**INSTRUCTIONS TO FOLLOW:**
Give back the full listing verbatim, apart from its images.

**DATASET EXTRACT:**
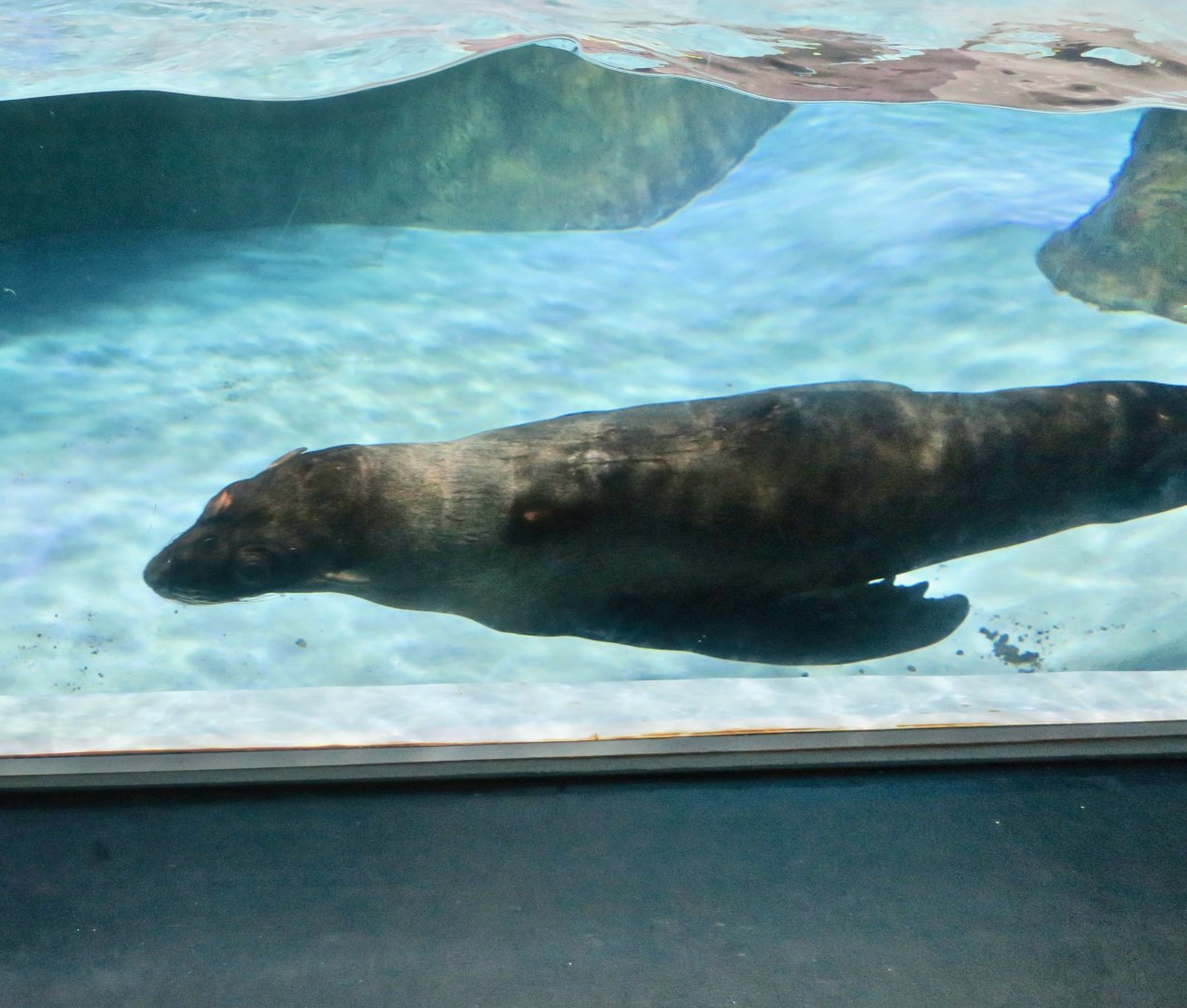 South American Fur Seal (Arctocephalus australis)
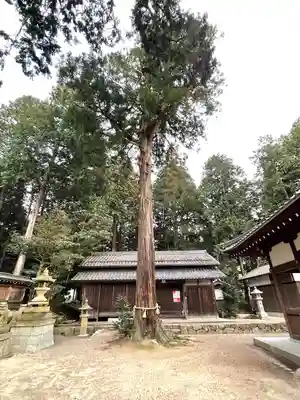 坂本神社(滋賀県)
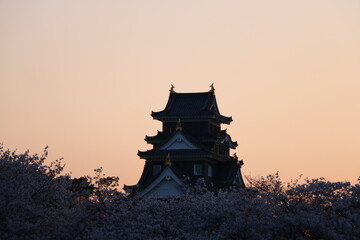 Naklejka premium 旭川から見る岡山城と桜の夕焼け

**RESPONSE FOR THIS EXERCISE:**
 South American Fur Seal (Arctocephalus australis)
 坂本神社(滋賀県)
 Naklejka premium 旭川から見る岡山城と桜の夕焼け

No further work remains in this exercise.